Which of you fathers, if your son asks for a fish, will give him a snake instead? Or if he asks for an egg, will give him a scorpion? If you then, though you are evil, know how to give good gifts to your children, how much more will your Father in heaven give the Holy Spirit to those who ask him!” Luke 11:11-13
“A faith promise is when you sit down and work out by faith just what you will give to God in the next year or six months. Once you have committed yourself carefully and prayerfully then you set in motion the law of faith. Every month you have to trust God to help you meet the challenge of your own faith and as you pursue this there comes a widening of vision, an enlargement of faith, a capacity to believe beyond human understanding and an awareness of God in personal dealings that has to be experienced before it can be believed. People who give this way claim that this exercise flexes the muscles of faith so much that they can believe not only for the fulfillment of their faith promise but for many other things in other areas of their lives.”
Selwyn Hughes in Divine Mathematics: A Biblical Perspective on Investing in God’s Kingdom (Surrey, UK: CWR, 2004) 47-48.
Scott Bailey, a faithful friend, pastor, and reader of Daily Meditations, told me he’s preaching on this text this weekend so I was studying it. Our largehearted Father gives good gifts to those who ask Him.
That’s what faith promise is all about. It’s making a decision as you look at your budget that says, “I am going to live simply and give sacrificially and help my church or missionaries know they can count on my giving.”
On what can we base such a faith promise? We have a good Father in heaven who wants to give us good gifts. Are we asking Him?
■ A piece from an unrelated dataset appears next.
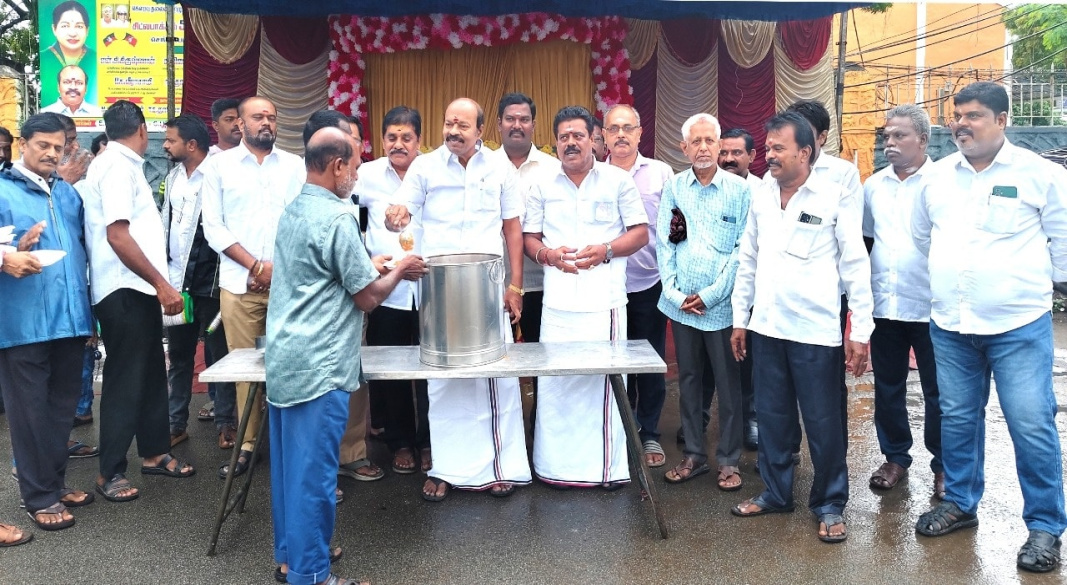 கழகத்தின் 54வது தொடக்க விழா: சிட்லபாக்கத்தில் புரட்சித் தலைவர் எம்.ஜி.ஆர். மற்றும் இதயதெய்வம் அம்மா அவர்களுக்கு மரியாதை – அன்னதானம் வழங்கி விழா சிறப்பாக நிறைவு!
Does our giving depend on earthly math, or as Selwyn Hughes puts it, divine mathematics.
This was my favorite line from today. When we give this way it creates “a capacity to believe beyond human understanding and an awareness of God in personal dealings that has to be experienced before it can be believed.”
Or as I like to say, “You don’t figure it out until you live it out.” So what will you do? You have an unimaginably good Father in heaven. He wants to give you good gifts to enjoy and share. Will you ask Him?